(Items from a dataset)
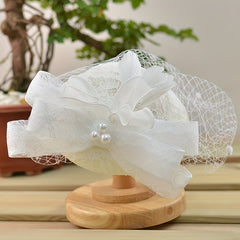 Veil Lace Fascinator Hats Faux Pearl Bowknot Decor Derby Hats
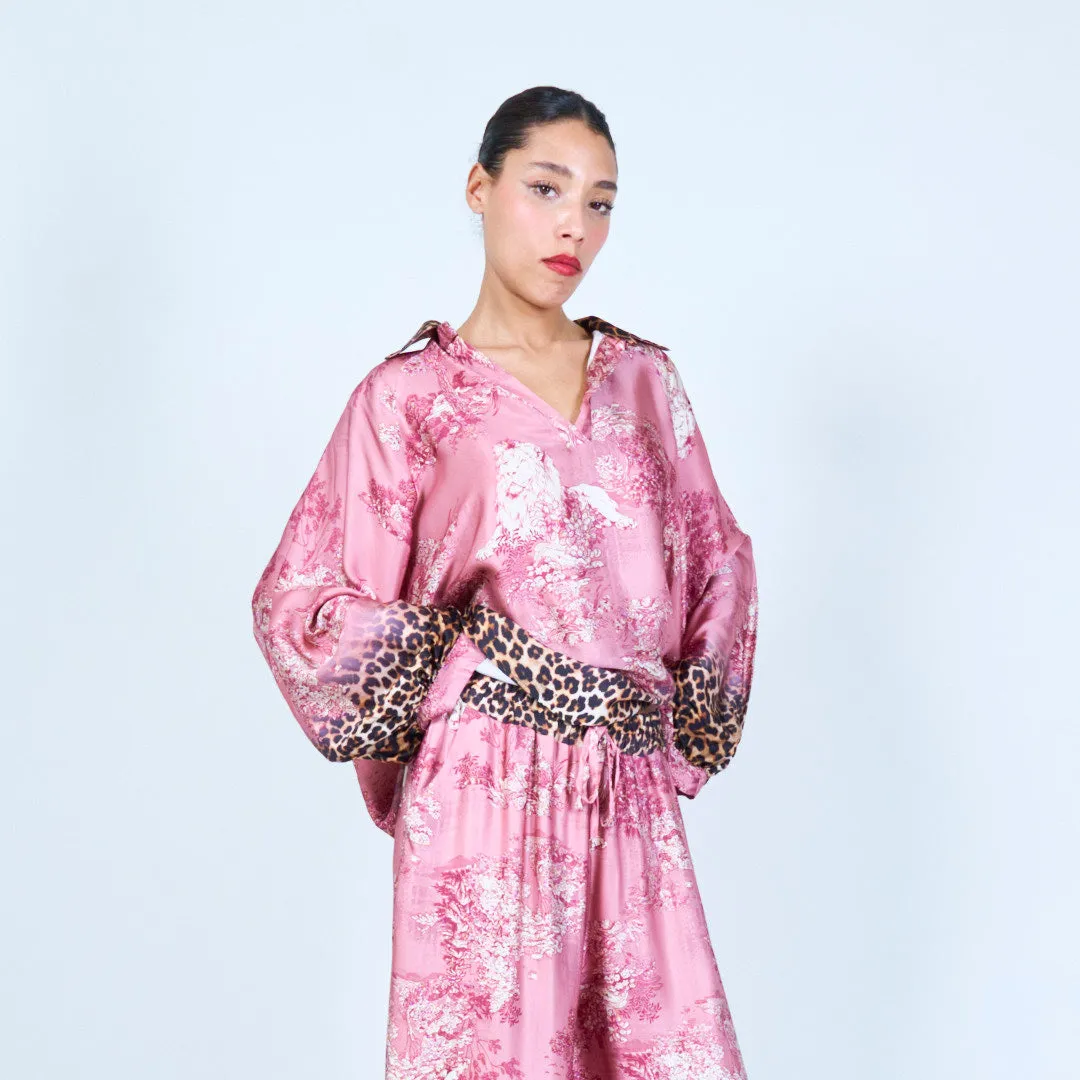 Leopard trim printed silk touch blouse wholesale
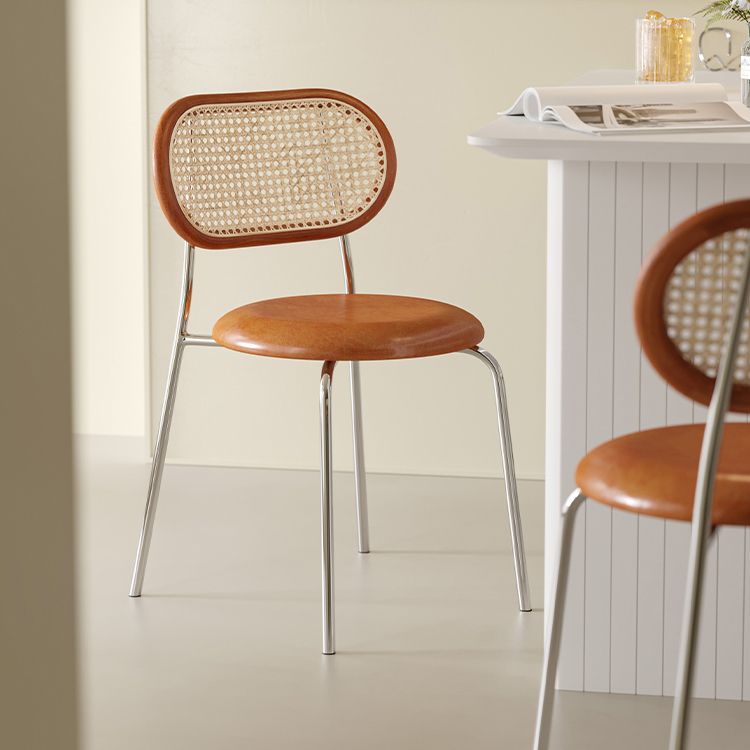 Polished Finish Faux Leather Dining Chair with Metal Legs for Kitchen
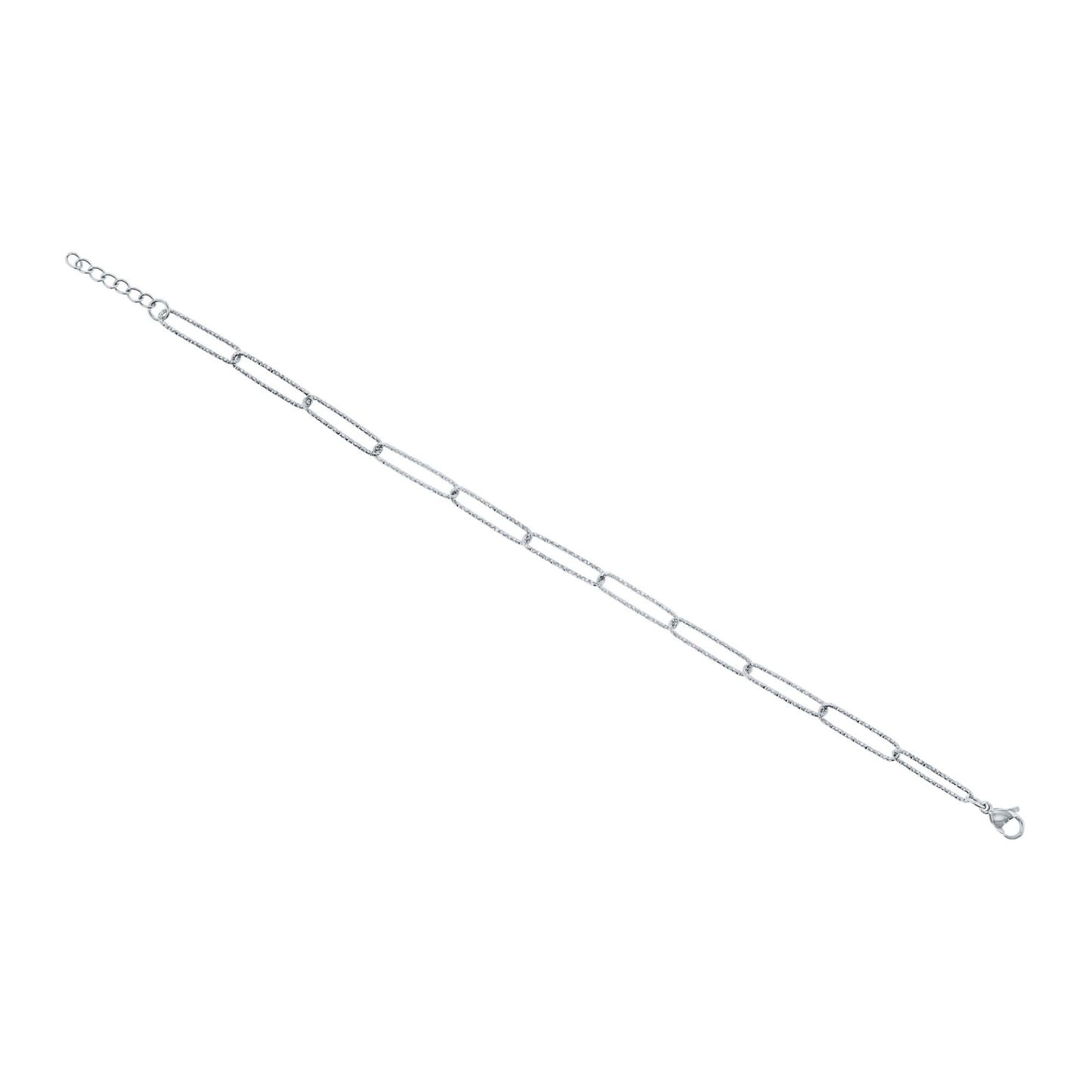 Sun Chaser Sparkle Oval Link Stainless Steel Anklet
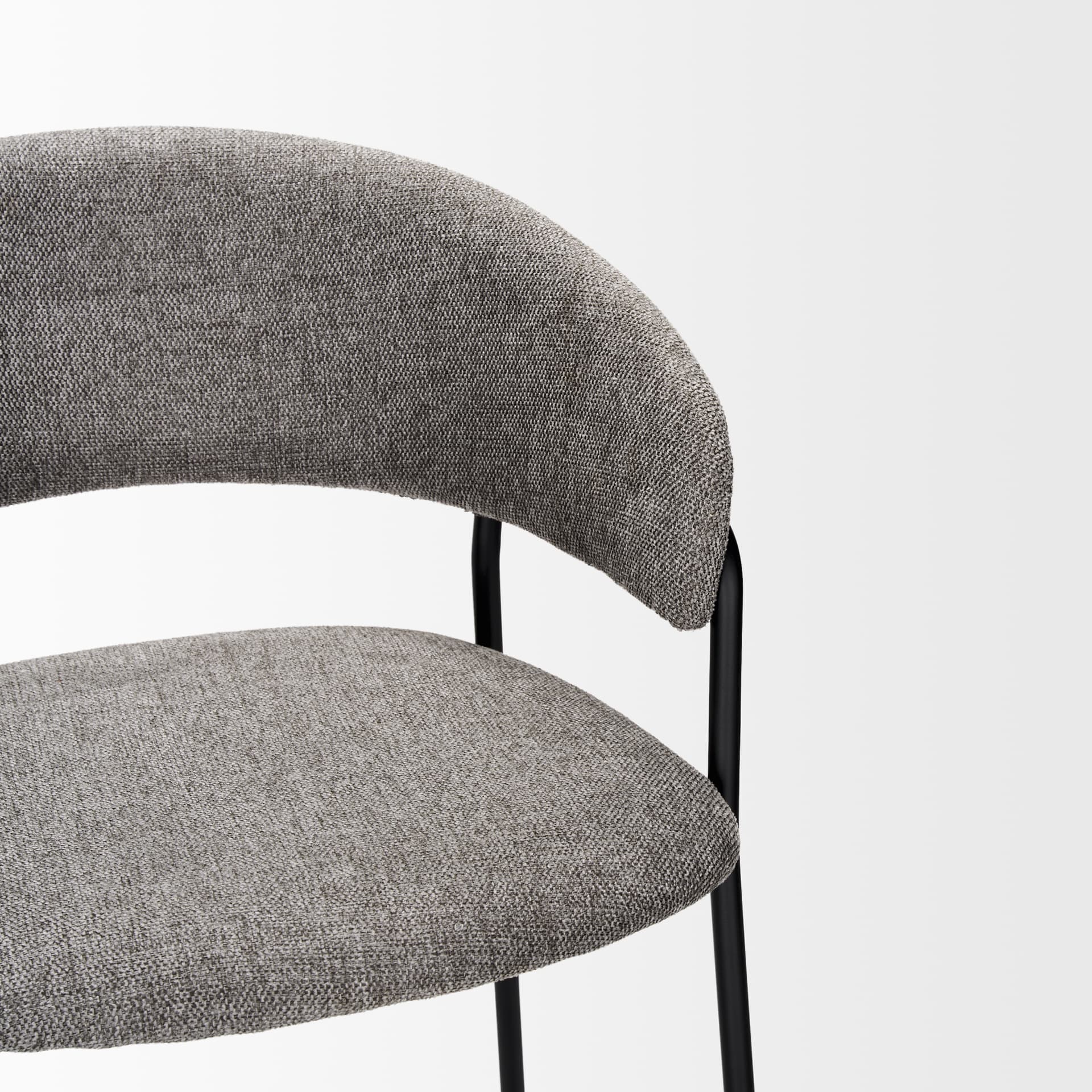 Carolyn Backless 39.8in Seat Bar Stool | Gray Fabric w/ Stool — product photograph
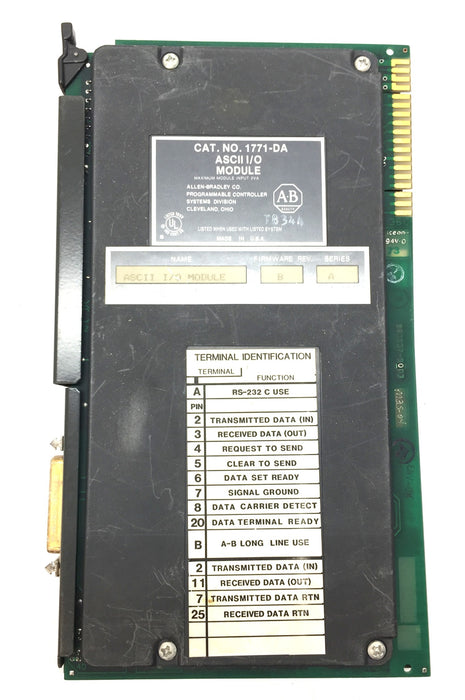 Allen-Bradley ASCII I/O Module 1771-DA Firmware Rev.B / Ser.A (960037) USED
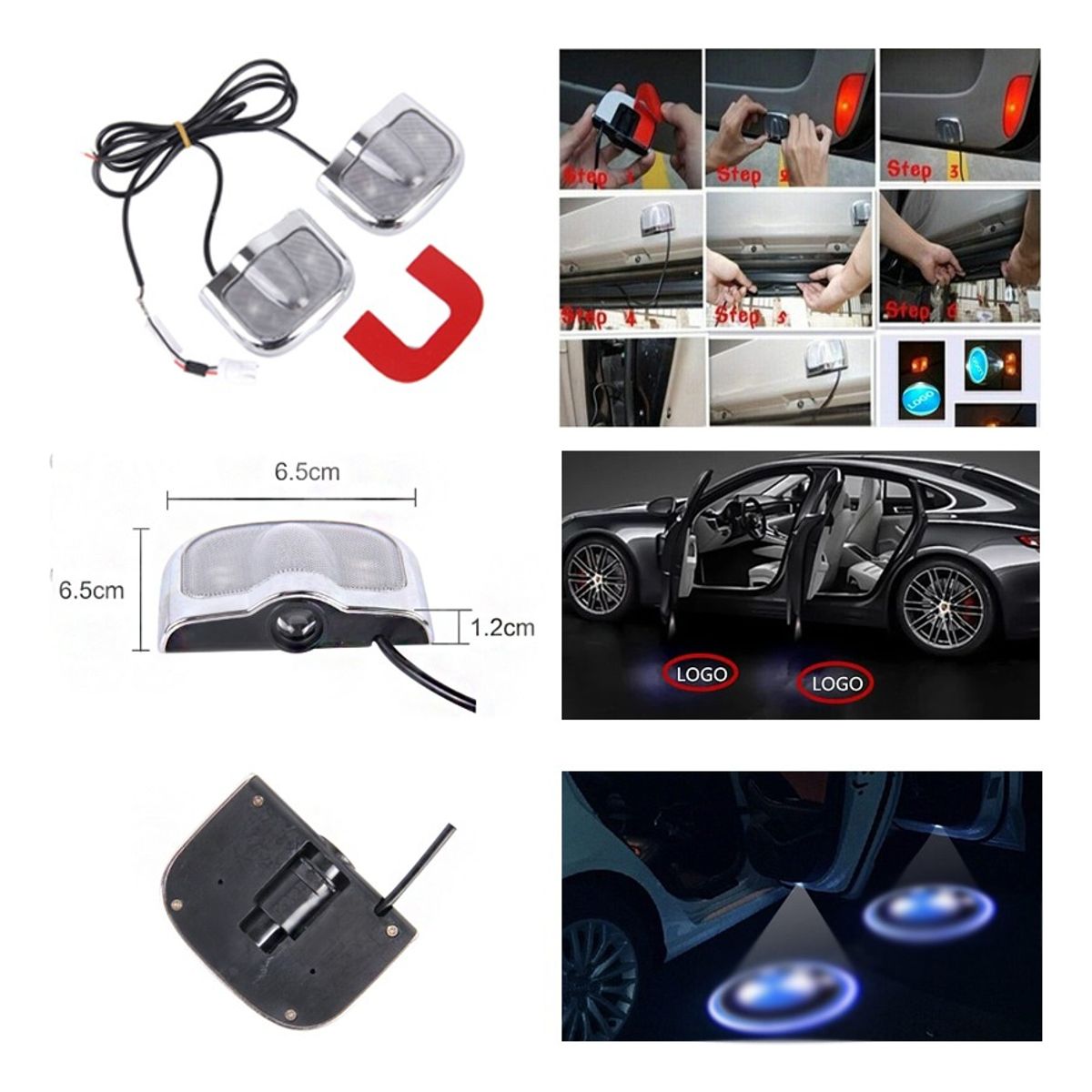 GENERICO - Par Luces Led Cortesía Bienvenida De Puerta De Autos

■ How to complete this task
If pictures appear, drop them, and retype exactly the lines from the "Allen-Bradley ASCII I/O" line through the last line of the data above.

■ Written answer
 Allen-Bradley ASCII I/O Module 1771-DA Firmware Rev.B / Ser.A (960037) USED
 GENERICO - Par Luces Led Cortesía Bienvenida De Puerta De Autos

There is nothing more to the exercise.